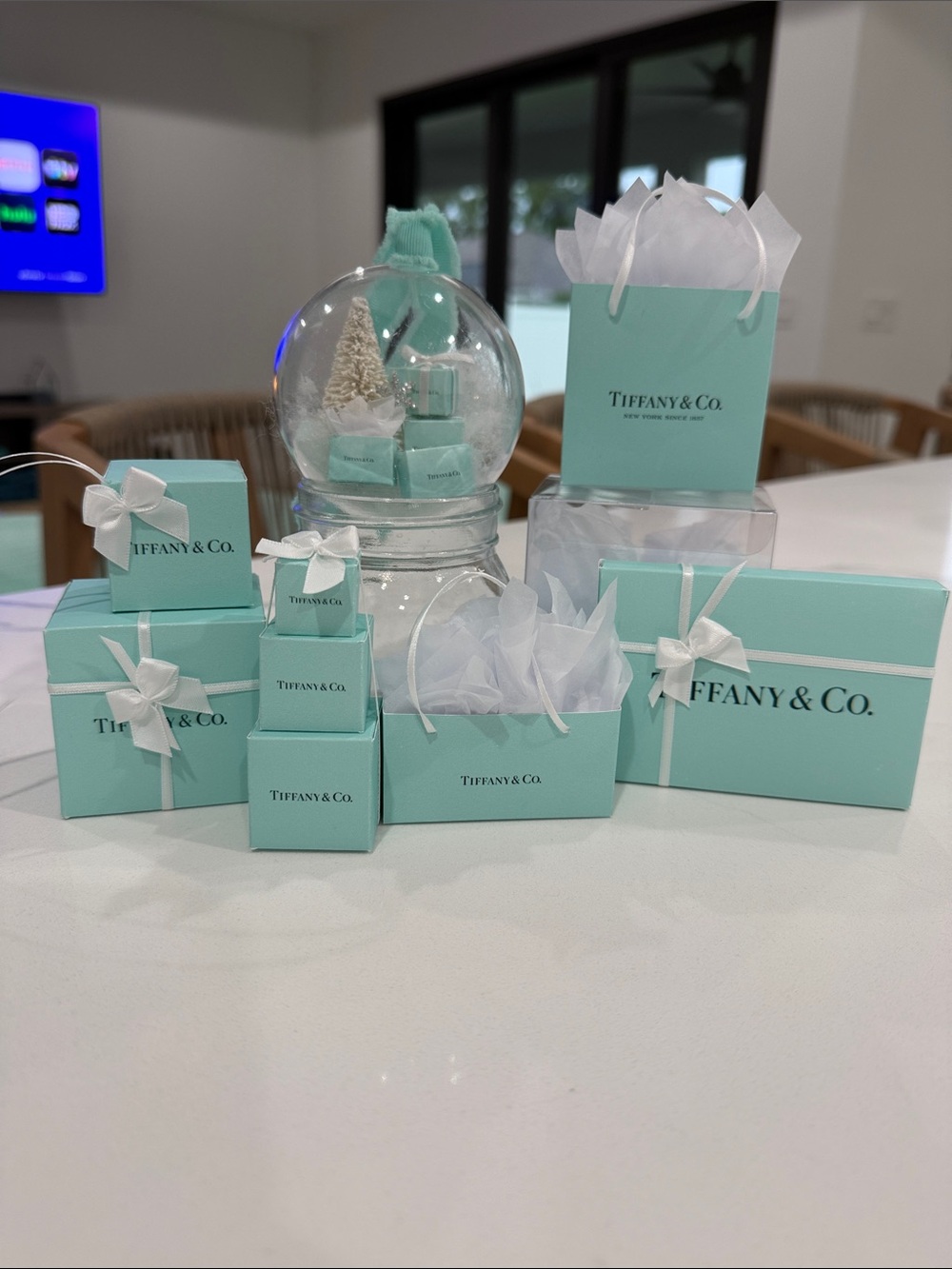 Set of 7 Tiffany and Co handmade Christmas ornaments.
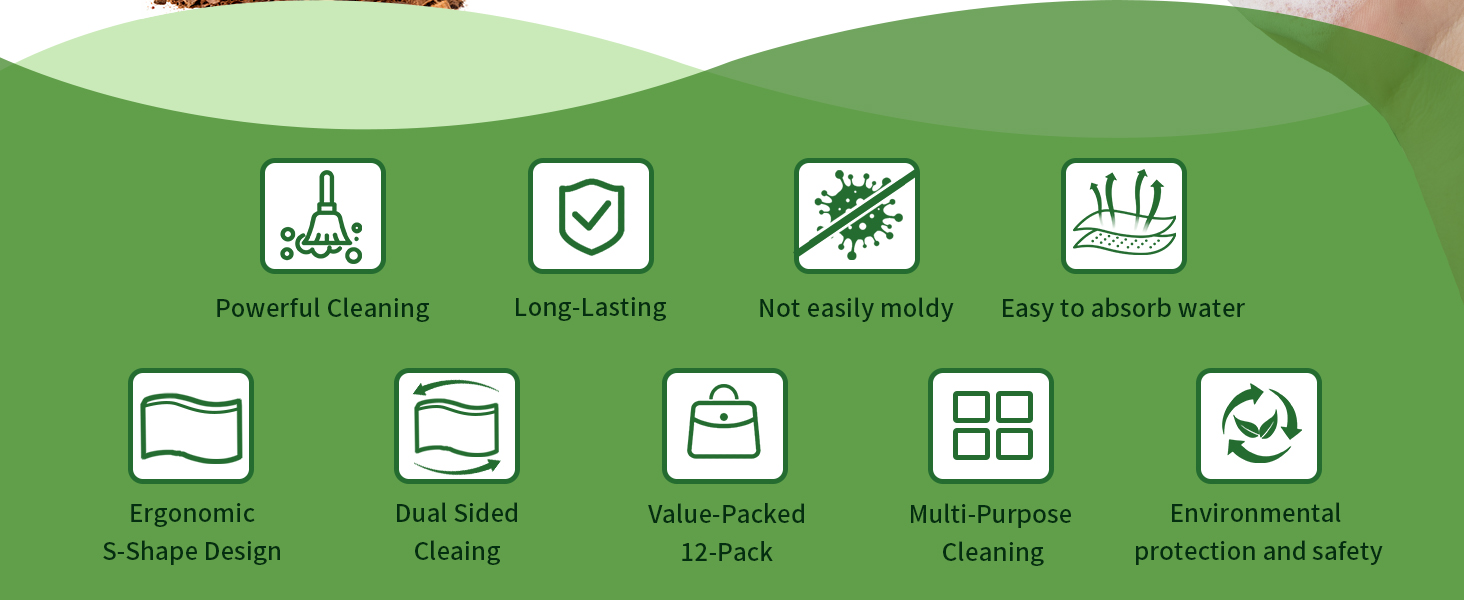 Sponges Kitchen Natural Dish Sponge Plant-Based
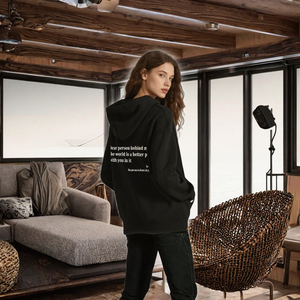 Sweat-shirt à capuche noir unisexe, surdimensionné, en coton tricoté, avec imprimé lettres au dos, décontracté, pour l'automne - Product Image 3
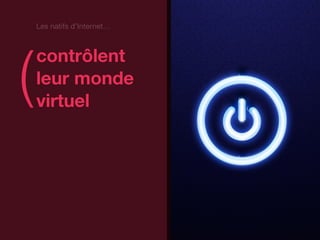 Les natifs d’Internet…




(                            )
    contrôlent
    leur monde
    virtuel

What to produce >>
What this calls for is a word-for-word copy of the listing above, pictures excluded.

Expected answer >>
 Set of 7 Tiffany and Co handmade Christmas ornaments.
 Sponges Kitchen Natural Dish Sponge Plant-Based
 Sweat-shirt à capuche noir unisexe, surdimensionné, en coton tricoté, avec imprimé lettres au dos, décontracté, pour l'automne - Product Image 3
 Les natifs d’Internet…




(                            )
    contrôlent
    leur monde
    virtuel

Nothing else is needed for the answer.